Nella seconda lettura la necessità di fare delle scelte impegnative viene espressa mediante la metafora di un gruppo di persone, i testimoni, che si mettono a correre tenendo fisso lo sguardo su colui che apre la strada. Sono i discepoli di Gesù che seguono il loro Maestro nella lotta contro il male che si annida nella società; è lui infatti che dà origine alla nostra fede e la porta a compimento.

Nella vita c’è il rischio di lasciarsi portare dagli eventi senza mai prendere decisioni. Decidere è faticoso e spesso si preferisce lasciare ad altri il compito di farlo. Per Gesù non è così. Ognuno deve avere il coraggio di fare le sue scelte alla luce della fede e tenendo conto della realtà in cui si è immersi. Naturalmente ciò richiede di essere disposti ad assumere le conseguenze delle scelte fatte anche quando comportano contrasti e rifiuti.

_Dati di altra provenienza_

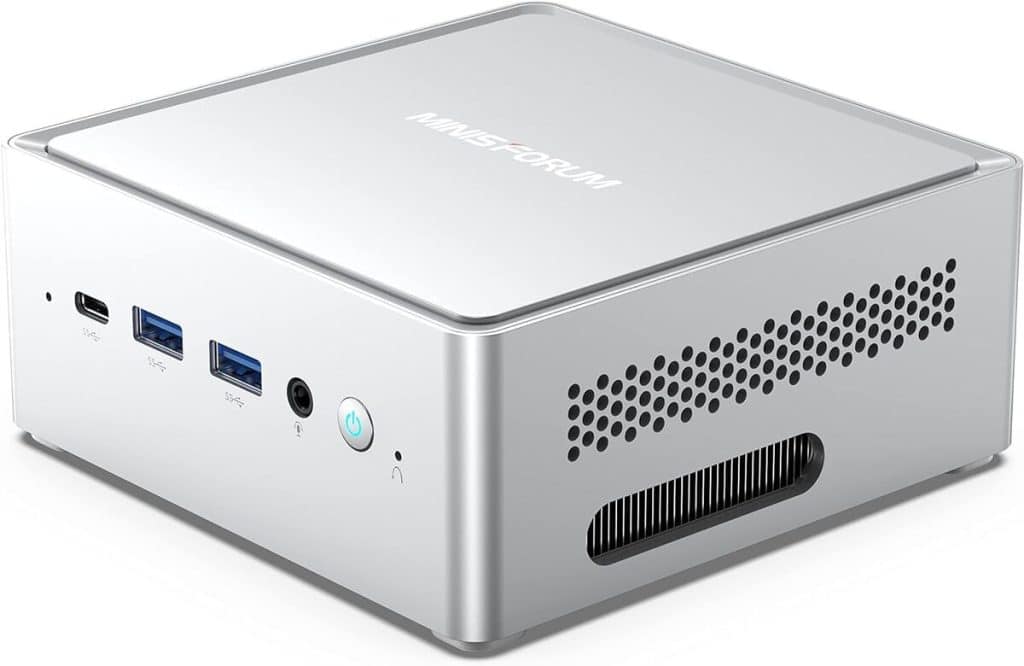 Test : mini PC MINIS FORUM NAB9, core i9 puissant et compact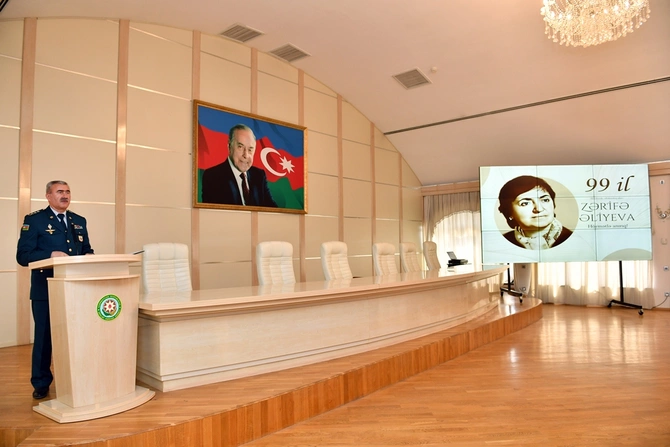 DSX-də Zərifə xanım Əliyevanın anadan olmasının 99-cu ildönümü qeyd edildi — FOTOLAR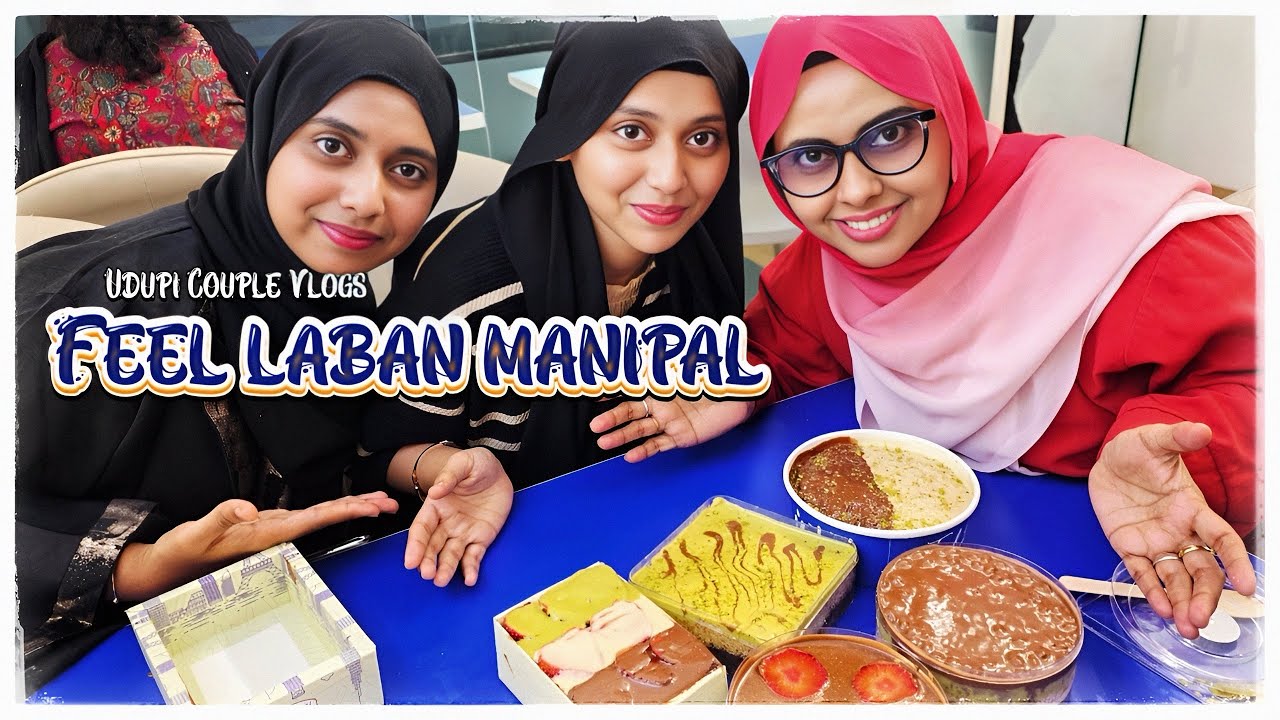 Mouth watering 🤤 Manipal Feel Laban 🔥 Udupi Couple Vlogs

Con la sua vita vissuta nella fedeltà alla volontà del Padre fino alla morte egli diventa per noi colui che ci indica la strada e ci dà la forza di percorrerla fino alla fine.

Tempo Ordinario C – 19. Domenica

Non abbassare la guardia

La liturgia indica come tema di questa domenica la vigilanza. Nella prima lettura si afferma che la liberazione degli israeliti dall’Egitto corrispondeva a un progetto di Dio, che era stato preannunziato ai loro padri. Essi hanno creduto e si sono preparati alla sua realizzazione. A tal fine si sono impegnati ad osservare una legge divina, in forza della quale tutti avrebbero partecipato in misura uguale agli stessi i beni ed agli stessi pericoli. Essi dunque si sono preparati non facendo ricorso alle armi ma praticando quella giustizia e quella solidarietà che erano il vero scopo della loro liberazione.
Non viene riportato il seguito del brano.